The 19th EAC Ordinary summit was held on 23 February 2018 in Kampala, Uganda. The focus of the summit was deepen regional integration through infrastructure development and financing for health. on the agenda of the meeting was the status of the EAC political federation and the speedy integration of South Sudan.

== Participants ==

| Country | Title | Dignitary |
|---|---|---|
| Burundi | Vice President | Gaston Sindimwo |
| Kenya | President | Uhuru Kenyatta |
| Rwanda | Minister of Trade and East African Affairs | James Musoni |
| South Sudan | President | Salva Kiir Mayardit |
| Uganda | President | Yoweri Museveni |
| Tanzania | President | John Magufuli |

== Agenda ==

=== Manufacturing ===
Various sectors of development were discussed as a sector of growth such as Textile, Apparel and Agro-processing. A major focus for boosting regional manufacturing, the heads of states directed the EAC council to work on the process to harmonize the automotive industry regulations in the region. The leaders are looking to help reduce the importation of used vehicles and in turn grow the local vehicle assembly and manufacturing businesses.

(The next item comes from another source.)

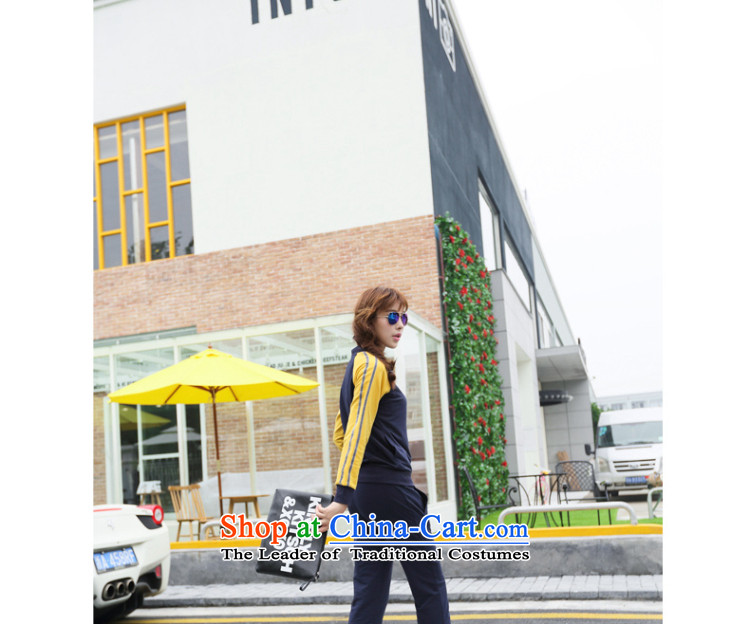 Optimize for a women's XL 2014 mm thick with Korean autumn new stitching-rotator cuff sweater large gray XXXL kit picture, prices, brand platters! The elections are supplied in the national character of distribution, so action, buy now enjoy more preferential! As soon as possible.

=== Economic Partnership Agreement ===
The European Economic Partnership agreement continues to be and important trade agreement that is still pending partner state approval. Museveni continued to reiterate that he is engaging with EU officials to ensure that a satisfactory agreement is agreed upon soon. Kenya & Rwanda are still the only members to sign the EU-EAC EPA.

=== New members ===
The council continued to guide the body to fast track the integration of South Sudan into the trade bloc. Political issues and funding has stagnated the process of integrating the new member into the block. Moreover, the EAC council had not as discussed the report that was presented at 18th EAC Ordinary summit to analyze the admission criteria for Somalia. The council aimed to discuss this at the next summit.